## Aim of the task
Exact copy, no pictures: return only the lines below from the line with "Pressure Sensor for" up to and including the line with "PORCELANATO OXFORD TIZA".

## Provided data
○ ○ ○ ○ ○
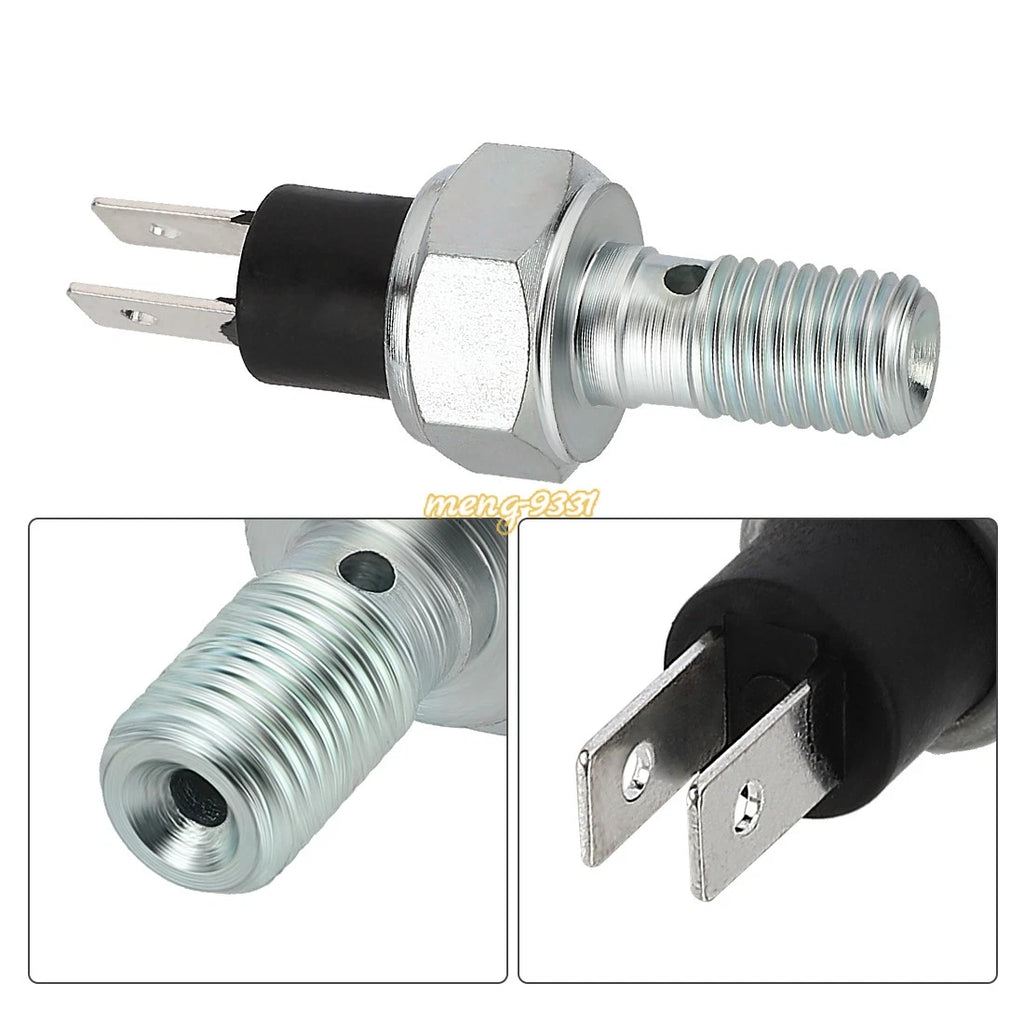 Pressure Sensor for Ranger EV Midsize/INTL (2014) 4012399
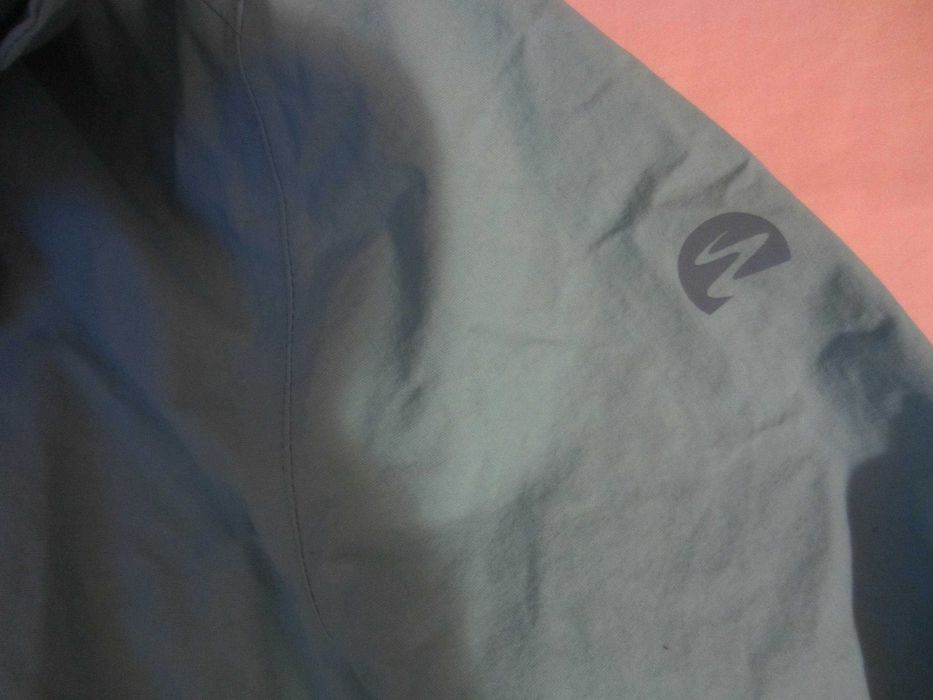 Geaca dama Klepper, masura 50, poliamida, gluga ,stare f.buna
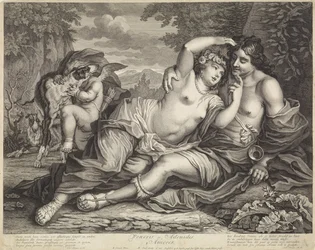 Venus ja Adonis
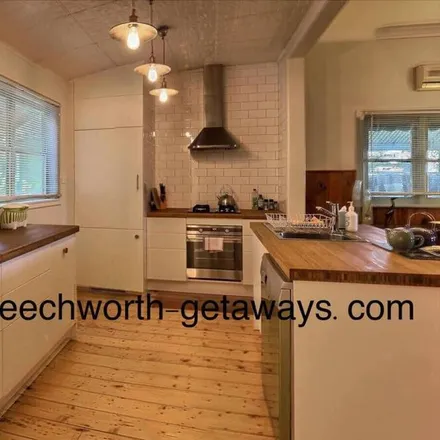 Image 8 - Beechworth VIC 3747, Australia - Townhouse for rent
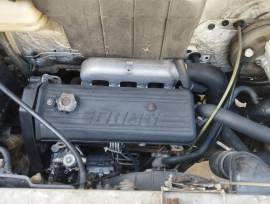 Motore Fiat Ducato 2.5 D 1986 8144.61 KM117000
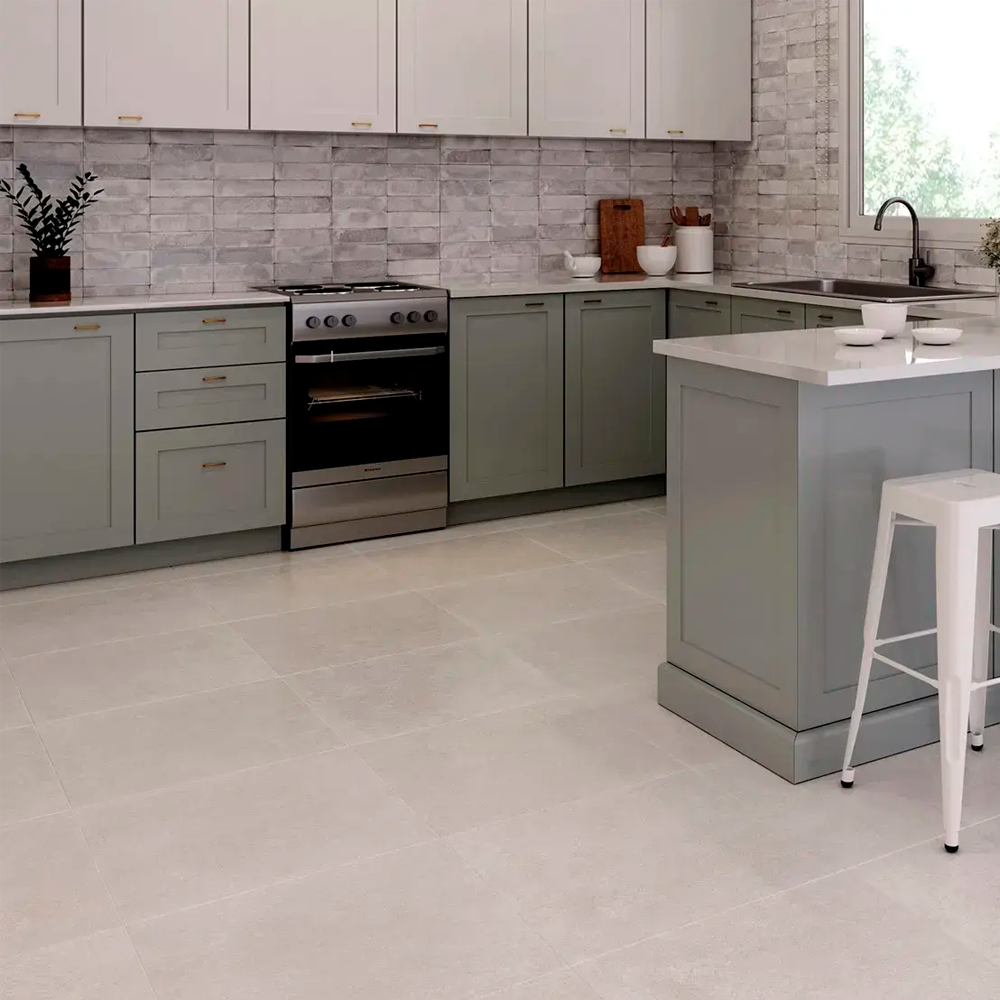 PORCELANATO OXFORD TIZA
○ ○ ○ ○ ○
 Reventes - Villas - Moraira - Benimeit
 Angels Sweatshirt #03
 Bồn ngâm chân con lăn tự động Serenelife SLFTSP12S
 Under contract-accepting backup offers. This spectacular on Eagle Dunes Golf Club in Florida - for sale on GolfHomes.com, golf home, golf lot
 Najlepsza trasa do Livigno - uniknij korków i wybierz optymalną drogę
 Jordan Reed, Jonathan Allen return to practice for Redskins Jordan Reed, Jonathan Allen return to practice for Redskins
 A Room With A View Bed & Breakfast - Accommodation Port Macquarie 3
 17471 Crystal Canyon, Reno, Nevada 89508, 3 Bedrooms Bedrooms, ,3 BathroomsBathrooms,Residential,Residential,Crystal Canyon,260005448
○ ○ ○ ○ ○
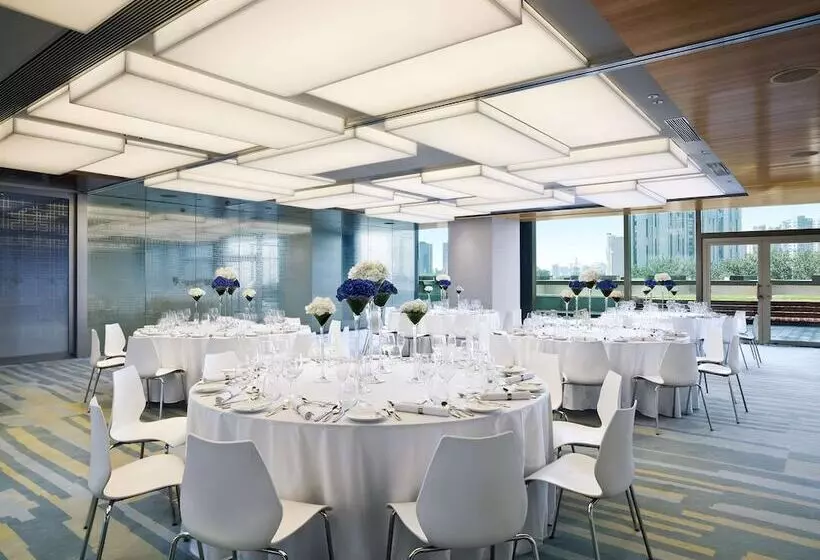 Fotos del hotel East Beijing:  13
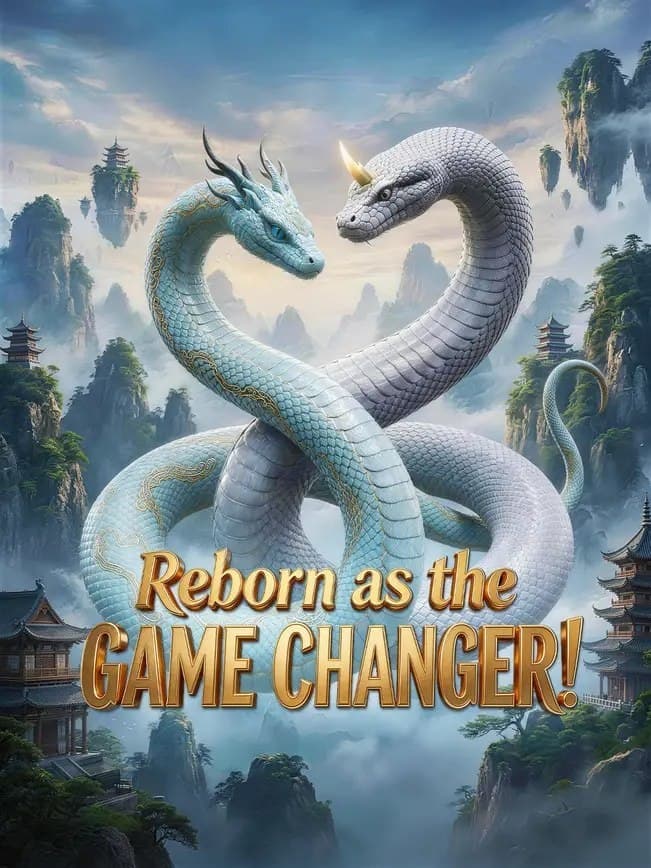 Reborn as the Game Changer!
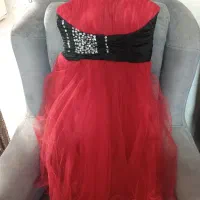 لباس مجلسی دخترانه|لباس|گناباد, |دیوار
○ ○ ○ ○ ○
## Output below
 Pressure Sensor for Ranger EV Midsize/INTL (2014) 4012399
 Geaca dama Klepper, masura 50, poliamida, gluga ,stare f.buna
 Venus ja Adonis
 Image 8 - Beechworth VIC 3747, Australia - Townhouse for rent
 Motore Fiat Ducato 2.5 D 1986 8144.61 KM117000
 PORCELANATO OXFORD TIZA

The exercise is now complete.